COVID-19 And its Impact on International Trade

by Dr. Santhosh Mathew – 7 May, 2020

“The unavoidable declines in trade and output will have painful consequences for households and business, on top of the sufferings caused by the disease itself.” —   Roberto Azevedo, Director-General, WTO


The world is going through a tough time – socially, politically and economically. The covid-19 pandemic has taken away nearly two lakhs and fifty thousand lives across the globe and more than thirty lakhs of people are affected by the virus. Apart from this great loss in terms of human lives, the world is also facing a severe economic slowdown right now. The pandemic has brought unexpected challenges to the global economy and international trade has been hit hard. Keeping in view the damage that the pandemic caused to the world market, the World Trade Organization has compared it with the financial crisis of 2009 and with the great depression of 2030. WTO has predicted the fall of global trade this year by between 13 percent to 32 percent.

Why the situation has taken a serious turn?

Although economists and the policymakers are comparing the present economic slowdown with the great depression and the financial crisis of 2009, the damage caused by the COVID 19 pandemic is far greater and it has a unique nature. Because even during the great depression of the 1930s banks were not short of capital and the economic engine was in decent shape. But this time around, it is not the case. Because of trade tensions between various countries and slowing economic growth, trade was already trembling in 2019 even before the virus struck. Besides, transport and travel are today directly affected in ways they were not during the financial crisis ten years ago.
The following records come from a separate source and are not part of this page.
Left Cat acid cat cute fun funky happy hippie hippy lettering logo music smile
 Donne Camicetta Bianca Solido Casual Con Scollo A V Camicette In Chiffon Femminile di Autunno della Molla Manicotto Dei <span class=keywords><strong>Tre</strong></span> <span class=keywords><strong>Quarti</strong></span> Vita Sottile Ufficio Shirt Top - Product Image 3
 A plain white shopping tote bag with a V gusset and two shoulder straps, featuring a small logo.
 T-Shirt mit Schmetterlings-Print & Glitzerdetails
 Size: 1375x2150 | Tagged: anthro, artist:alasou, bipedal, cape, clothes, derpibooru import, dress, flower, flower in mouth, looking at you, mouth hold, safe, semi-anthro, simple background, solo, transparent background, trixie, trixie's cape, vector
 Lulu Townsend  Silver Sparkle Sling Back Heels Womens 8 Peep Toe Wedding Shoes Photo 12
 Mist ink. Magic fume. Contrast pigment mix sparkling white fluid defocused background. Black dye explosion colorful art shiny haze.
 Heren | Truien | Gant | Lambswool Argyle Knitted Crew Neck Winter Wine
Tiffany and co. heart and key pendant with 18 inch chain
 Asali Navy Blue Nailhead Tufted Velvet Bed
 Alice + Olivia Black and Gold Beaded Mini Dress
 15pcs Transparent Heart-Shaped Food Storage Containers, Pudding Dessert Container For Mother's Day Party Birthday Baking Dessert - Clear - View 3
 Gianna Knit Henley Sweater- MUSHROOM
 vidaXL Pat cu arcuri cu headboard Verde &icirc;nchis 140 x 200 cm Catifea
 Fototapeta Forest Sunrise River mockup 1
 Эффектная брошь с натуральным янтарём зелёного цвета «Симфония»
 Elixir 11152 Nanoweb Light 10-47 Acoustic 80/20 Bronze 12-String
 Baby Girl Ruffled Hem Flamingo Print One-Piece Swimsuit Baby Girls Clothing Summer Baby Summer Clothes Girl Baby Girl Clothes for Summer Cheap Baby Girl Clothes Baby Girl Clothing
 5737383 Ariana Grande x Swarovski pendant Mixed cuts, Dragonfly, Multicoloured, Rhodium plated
Today, the whole sectors of national economies are shut down. The WTO has said that all regions in the word will suffer double-digit declines in exports and imports in 2020, except for the “Other regions” which is comprised of Africa, Middle East and Commonwealth of Independent States (CIS).

World’s major economic powers such as the US, China, UK, Germany, Italy, France, Japan and many other rising economies like India, etc. are on the verge of collapse. The prices of crude oil have fallen off a cliff and the OECD stated that global growth could be cut in half to 1.5 percent in 2020 if the virus continues to spread. For production, the world needs human labour and half of the globe at present is under lockdown for an indefinite period of time which is going to have a huge impact on the economy and trade in general.

Trade in Asia amid lockdown

In Asia, policymakers responded swiftly with aggressive spending to support the medical response and vulnerable households and firms. And central banks took swift actions to expand liquidity. However, the region is yet to face its worst economic nightmare.

The entire region was hit hard by the first wave of the coronavirus, as the sudden stop in activity struck households and firms simultaneously.

Since the outbreak of the pandemic, the region has been going through strict lockdown norms. Transportations and travels have been banned, the region lost its huge earnings from tourism, theatres and malls have been closed indefinitely and every other economic activities have been stopped. The governments are forced to provide all of its citizens with basic needs and health care services. The policymakers are also investing a huge amount of money on medical infrastructure and other medical equipment.

As a developing region, Asia will face grave economic danger in the coming days if the governments and policymakers do not deal with the situation smartly.


The crisis is real and we have to accept its dangerous face. The world can now heal only through cooperation and coordination. All the countries of the world should come together to fight the pandemic and recover the world economy and trade. The tensions going on between various countries regarding trade should be released now for a better future. The WTO has clearly stated that only if the countries work together, international trade would rebound.

If the economy is allowed to go into a coma, the recovery costs will be mind-boggling. Therefore, all financial options available to the government, be it ways and means advance, overdraft, bonds loans from banks, etc. have to be restored, to keep the economy alive.  

Dr. Santhosh Mathew

Dr. Santhosh Mathew
Author is an Assistant Professor, Centre For South Asian Studies, Pondicherry Central University, India.